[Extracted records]
Start of Block

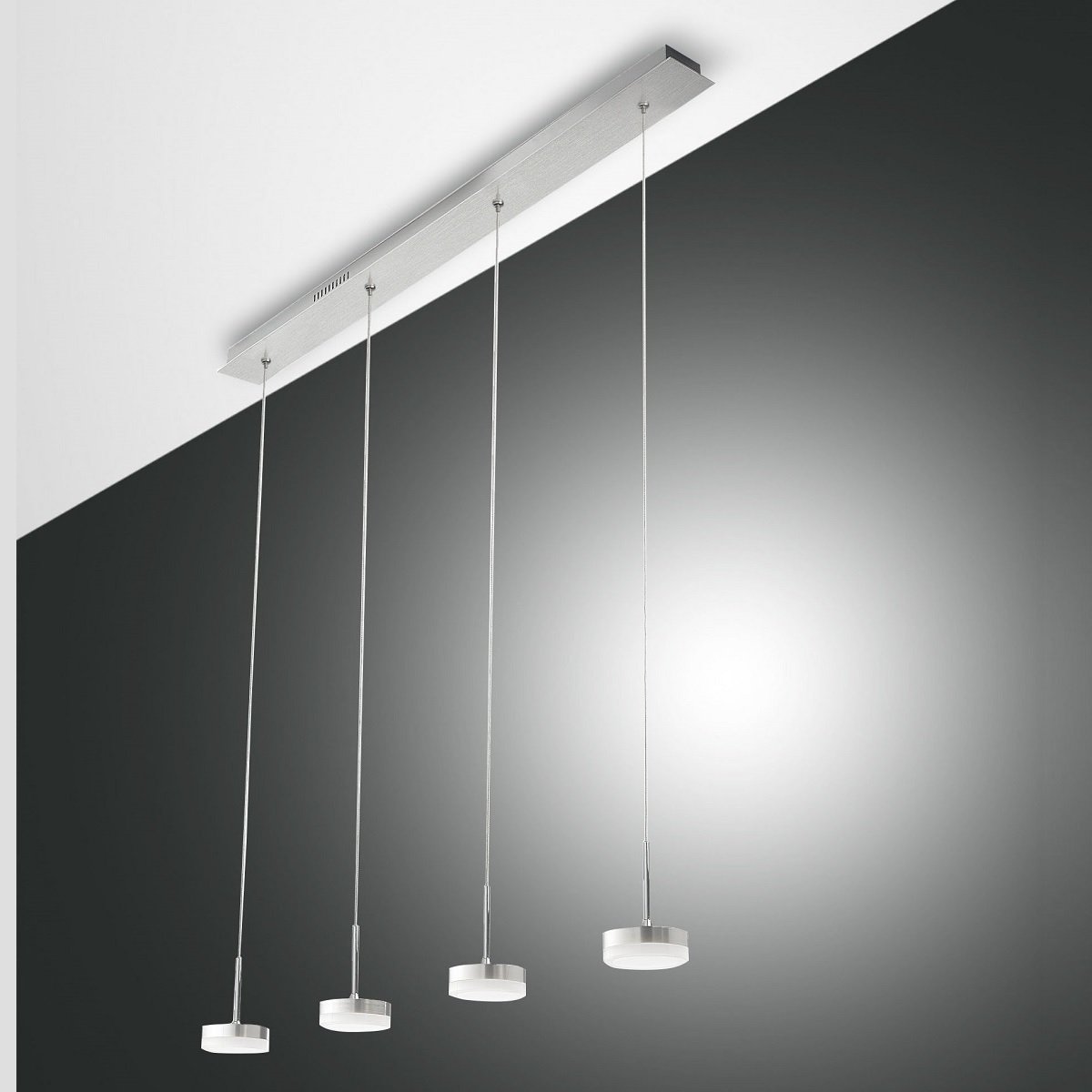 FABAS LUCE No. 3239-49-212 Pendelleuchte DUNK LED 4-flammig, alu geb�rstet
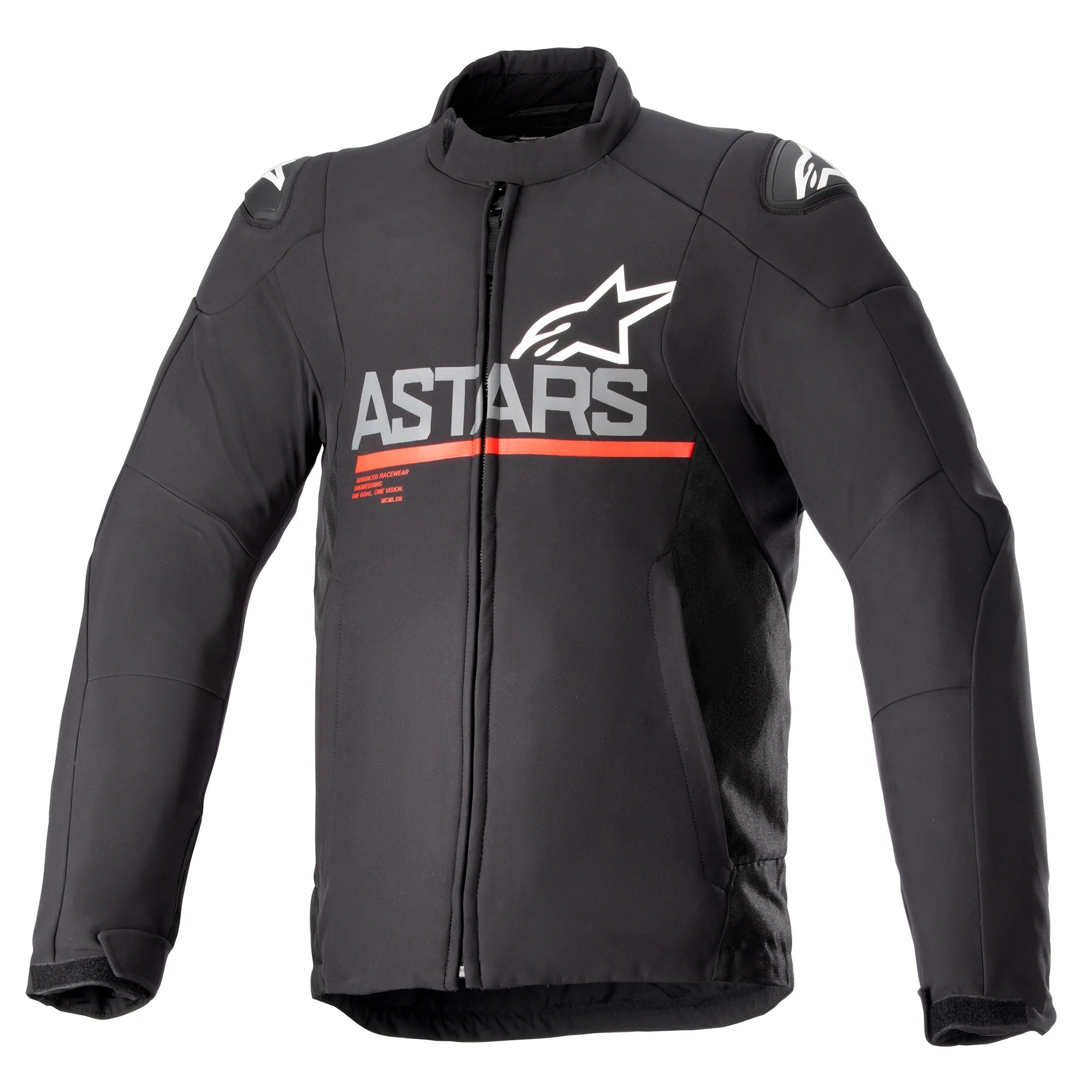 SMX Waterproof Jacket Black Dark Grey Bright Red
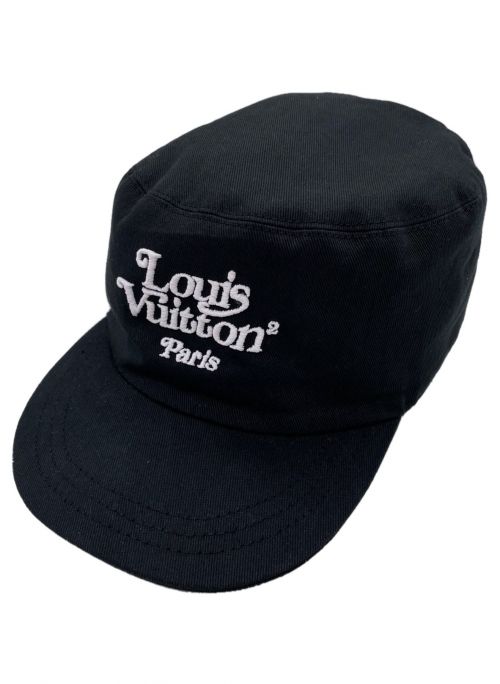 LOUIS VUITTON（ルイ ヴィトン）LOUIS VUITTON (ルイ ヴィトン) ロゴ刺繍キャップ ブラック サイズ:-の古着・服飾アイテム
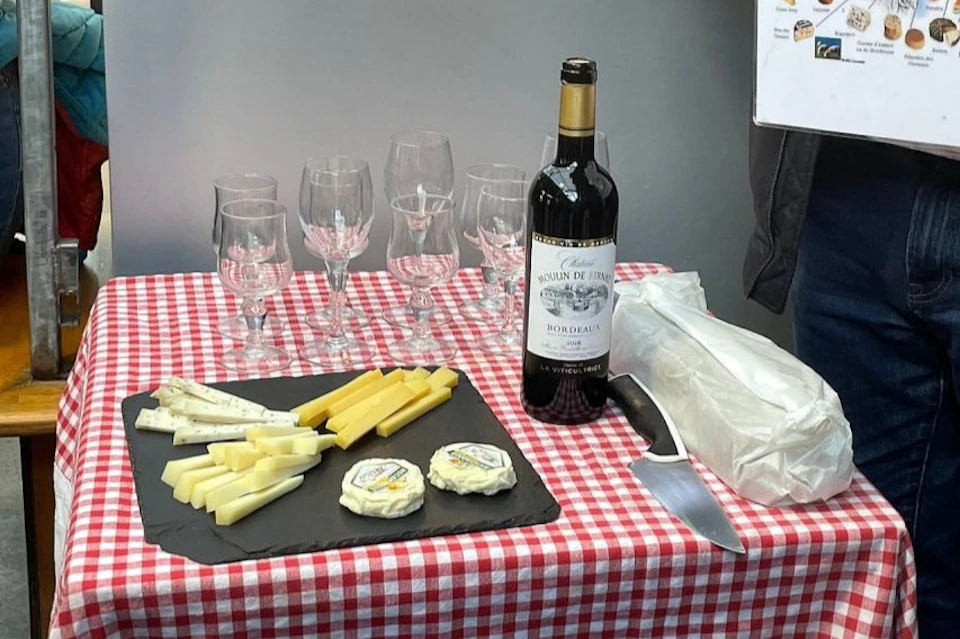 Wine and cheese
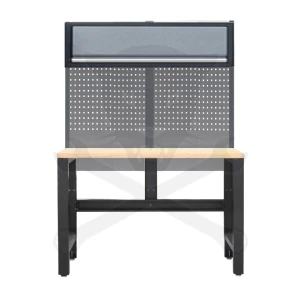 Műhelybútor SP SERIES Alsó rész: SATUPAD Keményfa munkalap+hátf+szek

End of Block

### Required work
Leave out the pictures and output the rest of the records exactly.

### Your solution
 FABAS LUCE No. 3239-49-212 Pendelleuchte DUNK LED 4-flammig, alu geb�rstet
 SMX Waterproof Jacket Black Dark Grey Bright Red
 LOUIS VUITTON（ルイ ヴィトン）LOUIS VUITTON (ルイ ヴィトン) ロゴ刺繍キャップ ブラック サイズ:-の古着・服飾アイテム
 Wine and cheese
 Műhelybútor SP SERIES Alsó rész: SATUPAD Keményfa munkalap+hátf+szek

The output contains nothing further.